Start of Data extracts

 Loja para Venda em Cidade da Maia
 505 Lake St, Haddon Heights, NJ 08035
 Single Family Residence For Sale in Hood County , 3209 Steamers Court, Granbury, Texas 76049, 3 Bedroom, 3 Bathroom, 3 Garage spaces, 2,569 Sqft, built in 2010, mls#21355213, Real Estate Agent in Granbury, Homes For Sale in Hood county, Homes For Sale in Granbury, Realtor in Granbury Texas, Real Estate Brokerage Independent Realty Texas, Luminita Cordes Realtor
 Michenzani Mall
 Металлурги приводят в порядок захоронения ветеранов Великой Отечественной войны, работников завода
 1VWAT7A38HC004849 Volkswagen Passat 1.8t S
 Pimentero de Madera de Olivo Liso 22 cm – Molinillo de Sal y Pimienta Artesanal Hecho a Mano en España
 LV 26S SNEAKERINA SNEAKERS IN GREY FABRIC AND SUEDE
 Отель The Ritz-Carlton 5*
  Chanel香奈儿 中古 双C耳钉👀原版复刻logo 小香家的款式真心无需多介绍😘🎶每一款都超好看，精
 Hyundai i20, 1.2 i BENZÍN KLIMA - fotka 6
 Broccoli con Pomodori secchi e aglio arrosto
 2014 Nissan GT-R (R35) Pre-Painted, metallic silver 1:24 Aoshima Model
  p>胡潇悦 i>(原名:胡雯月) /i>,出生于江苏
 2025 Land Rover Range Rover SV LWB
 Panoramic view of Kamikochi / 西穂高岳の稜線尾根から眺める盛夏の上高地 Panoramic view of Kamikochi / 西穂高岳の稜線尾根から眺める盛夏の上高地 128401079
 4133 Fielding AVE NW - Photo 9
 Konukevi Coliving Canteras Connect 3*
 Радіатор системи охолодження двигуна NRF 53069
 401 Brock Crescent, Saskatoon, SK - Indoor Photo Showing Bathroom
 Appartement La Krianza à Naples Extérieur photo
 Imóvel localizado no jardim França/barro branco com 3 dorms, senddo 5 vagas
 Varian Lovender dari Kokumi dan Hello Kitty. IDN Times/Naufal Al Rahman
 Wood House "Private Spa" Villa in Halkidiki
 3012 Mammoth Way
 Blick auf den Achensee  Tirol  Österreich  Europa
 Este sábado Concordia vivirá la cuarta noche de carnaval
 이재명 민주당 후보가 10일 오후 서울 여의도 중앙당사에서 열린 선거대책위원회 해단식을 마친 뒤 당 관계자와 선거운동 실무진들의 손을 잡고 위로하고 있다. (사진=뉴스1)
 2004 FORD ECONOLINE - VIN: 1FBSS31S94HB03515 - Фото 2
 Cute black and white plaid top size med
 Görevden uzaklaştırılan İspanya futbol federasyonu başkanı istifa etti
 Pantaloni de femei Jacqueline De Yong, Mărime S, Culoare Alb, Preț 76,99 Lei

End of Data extracts

Exercise directions: Lines after the one containing "505 Lake St, Haddon Heights, NJ 08035" are not wanted; repeat exactly each line above from the first up to and including it.

Answer section:
 Loja para Venda em Cidade da Maia
 505 Lake St, Haddon Heights, NJ 08035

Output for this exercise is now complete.